Seismologist Explores Volatile Dynamics of the Earth’s Crust
Marine seismologist Dr. William Bythewood Hawley will speak at the Suffolk County Vanderbilt Museum on Thursday, May 5, at 7:00 pm. His lecture, Tectonic Problems: Why the Foundations of Modern Geology Remain Elusive,” will introduce listeners to contemporary debates in geology and the theory of plate tectonics.
The modern theory of plate tectonics holds that the Earth’s lithosphere is composed of several large plates that have been slowly moving across the planet’s surface for 3.4 billion years. These plates, which are cool, relatively solid masses, are thought to ride on the less dense, fluid-like asthenosphere. Over time, the theory of plate tectonics maintains that these plates will collide and separate, causing earthquakes, mountains, and other dramatic geophysical phenomena, all while gradually rearranging the continents.
Our understanding of the volatile dynamics of the Earth’s crust – the modern theory of plate tectonics – represents a relatively recent scientific accomplishment. Based on Alfred Wegener’s 1912 description of “continental drift,” the modern theory of plate tectonics remained highly contentious until the early 1960s. Even today, there are many issues with the theory that stir significant scientific controversy.
In Tectonic Problems, Hawley will explore some of what remains unknown in the current theory of plate tectonics.

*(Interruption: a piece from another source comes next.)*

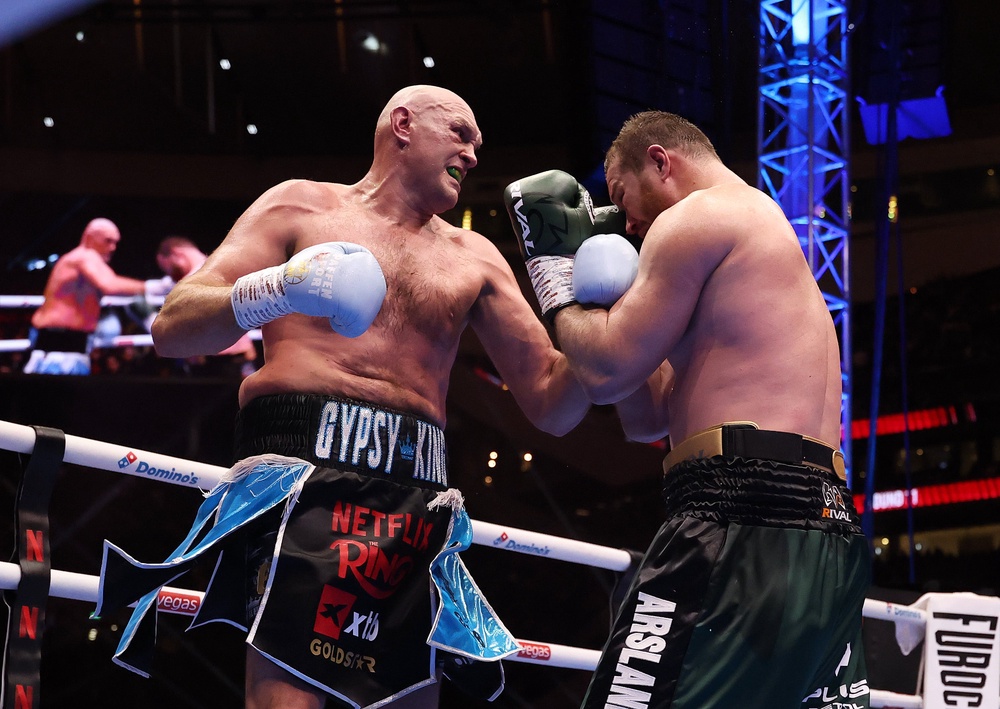Fury looked somewhat close to finishing Makhmudov in the final rounds (Getty)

He will explain how the theory of plate tectonics while offering a compelling qualitative picture of long-term Earth evolution, isn’t quite a theory but something more like a series of observations. He will explore the missing ground—the dynamical description—that the theory lacks and point to the key questions researchers must answer before further developing the theory. He will ask, how is the bottom of a tectonic plate defined? What does it look like? And how does it interact with the mantle underneath? In raising these questions, Hawley will strike at the core of geology and the modern scientific process.
Hawley is a National Science Foundation Postdoctoral Fellow at Lamont-Doherty Earth Observatory at Columbia University. He completed his Ph.D. at the University of California, Berkeley, in 2019, and his B.A. in physics and astrophysics from Harvard in 2012.